I am intrigued by this sort of thing because I wonder how we get our ideas of how to parent and what family life should be like. How many families do any of us know well before we get married? Our own, and maybe one other if we have a childhood best friend. And yet somehow we form ideas about how things ought to be that are often at odds with how we grew up. Is it television? Are we projecting into family life ideas we develop in other areas, like, we believe in fairness and gender equality, so we imagine how those ideas will work out in our future families?

Consider the age-old question of how much children should be asked to help around the house. We have very little success getting our children to do housework. They exact such a high price for any effort that it is generally easier and quicker for me to do things myself than to get one of my children to do them. I could bully them into doing more, but I prefer to reserve my strongest efforts in that regard for getting them do their homework. Anyway, it seems that nobody else in America gets much work out of children, either:
Mothers still do most of the housework, spending 27 percent of their time on it, on average, compared with 18 percent for fathers and 3 percent for children (giving an allowance made no difference).

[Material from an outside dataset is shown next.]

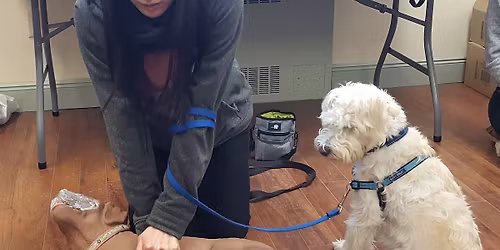 Walks 'N' Wags Pet First Aid Amherst NS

The researchers also took spit samples from family members four times a day, to measure the levels of cortisol, a stress hormone. It seems that stress is lowest where there rigid rules about who will do what, rather than an ongoing negotiation. And this is certainly true in dealing with my children. One of Lisa's greatest innovations is a schedule that specifies who will unload the dishwasher on any given day; as long as we keep to the schedule, the dishwasher gets unloaded with minimum fuss. But should the schedule get out of whack, say beecause someone is gone all day on his or her unloading day, mayhem ensues.

And, again, I wonder how it happens that all the families in America have the same problems, when parents and children are so different from each other in so many ways.